Exercise description
Omit every picture, then return the listing verbatim.

Provided information
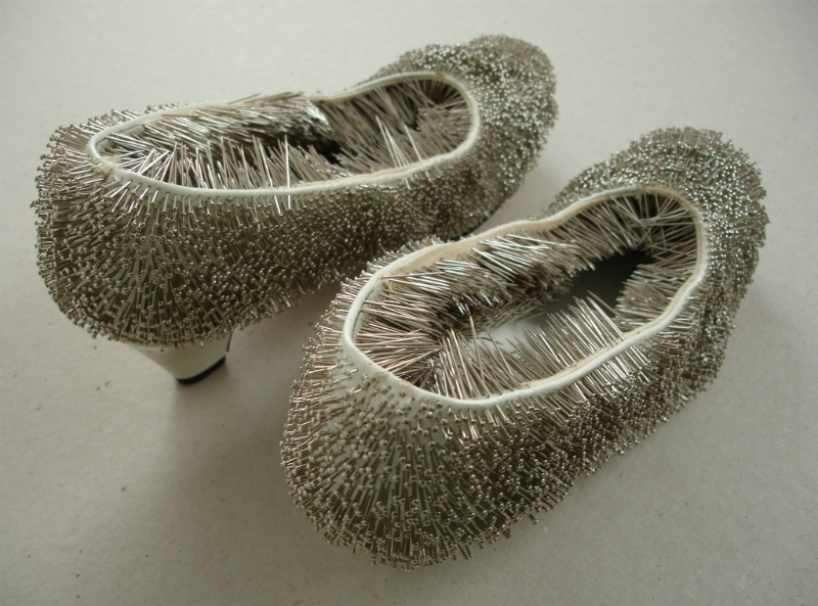 erwina ziomkowska pinches wardrobe garments with spiky pins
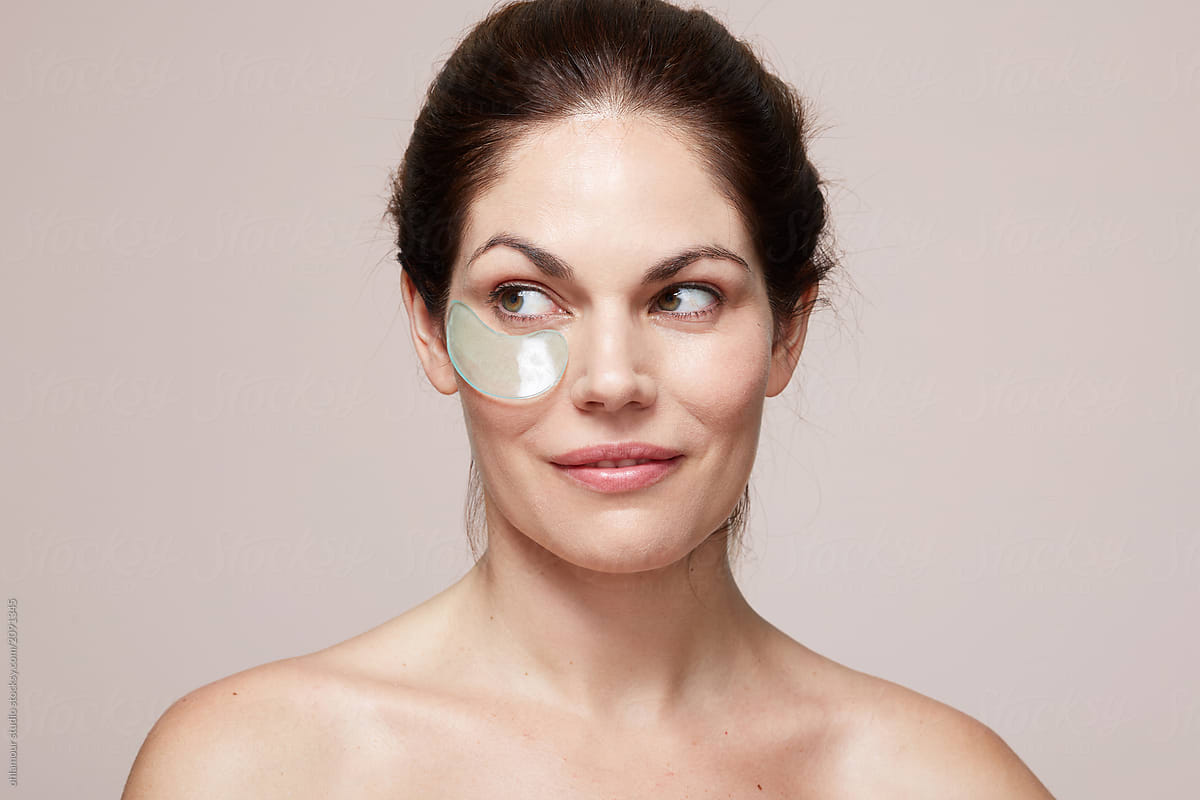 Woman using gel eye patch mask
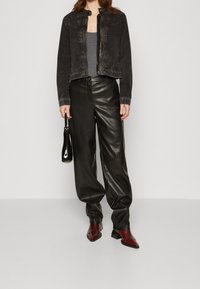 Svart denimjacka med en figurnära design, grå top, svarta läderbyxor med vida ben och spetsiga röda stövlar, håller en liten svart väska.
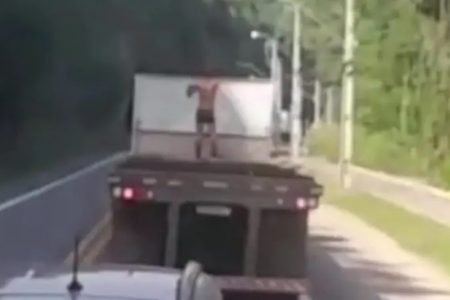 Homem em cima da carroceria de caminhão em BR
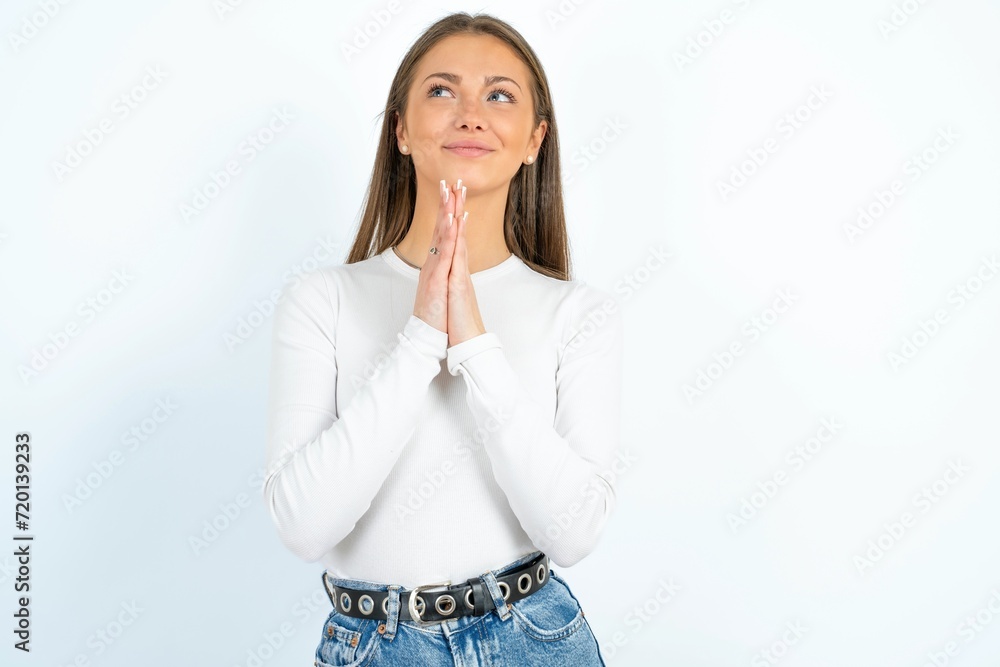 young beautiful caucasian woman wearing white long sleeve T-Shirt begging and praying with hands together with hope expression on face very emotional and worried. Please God young beautiful caucasian woman wearing white long sleeve T-Shirt begging and praying with hands together with hope expression on face very emotional and worried. Please God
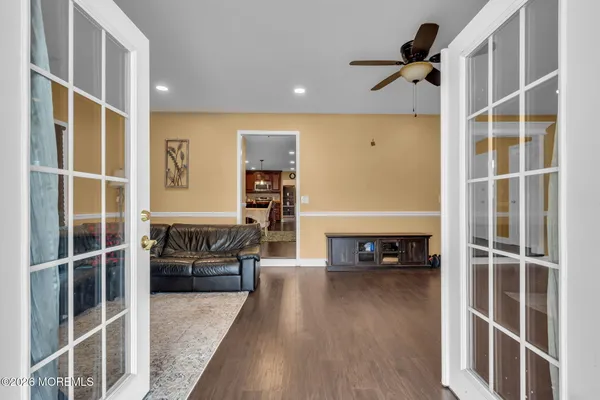 a kitchen with stainless steel appliances granite countertop a stove top oven a sink a dining table and chairs with wooden floor
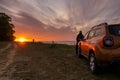 Driver, woman standing next to the Dacia Duster SUV admiring the beautiful sunset over the sea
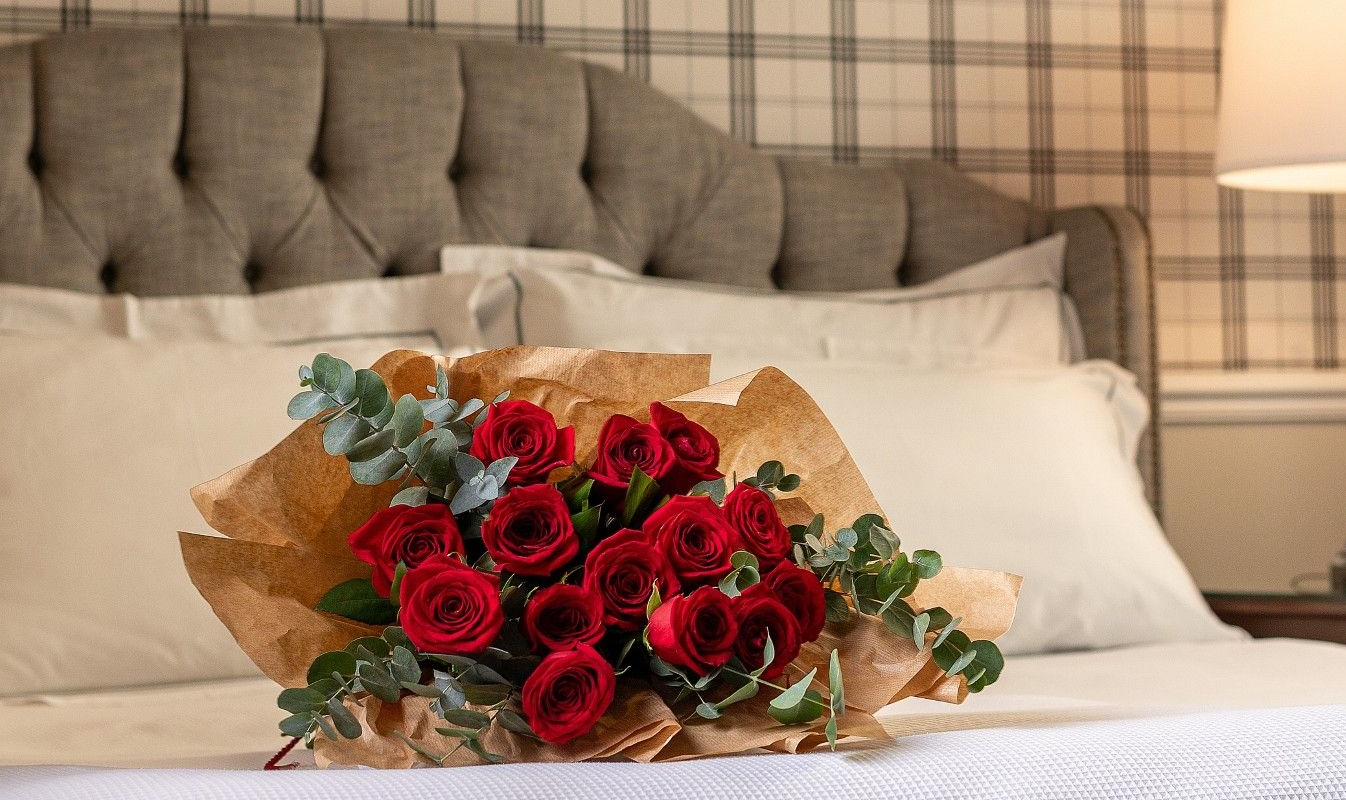 Um buquê de rosas brancas está em uma cama ao lado de um abajur.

Answer area
 erwina ziomkowska pinches wardrobe garments with spiky pins
 Woman using gel eye patch mask
 Svart denimjacka med en figurnära design, grå top, svarta läderbyxor med vida ben och spetsiga röda stövlar, håller en liten svart väska.
 Homem em cima da carroceria de caminhão em BR
 young beautiful caucasian woman wearing white long sleeve T-Shirt begging and praying with hands together with hope expression on face very emotional and worried. Please God young beautiful caucasian woman wearing white long sleeve T-Shirt begging and praying with hands together with hope expression on face very emotional and worried. Please God
 a kitchen with stainless steel appliances granite countertop a stove top oven a sink a dining table and chairs with wooden floor
 Driver, woman standing next to the Dacia Duster SUV admiring the beautiful sunset over the sea
 Um buquê de rosas brancas está em uma cama ao lado de um abajur.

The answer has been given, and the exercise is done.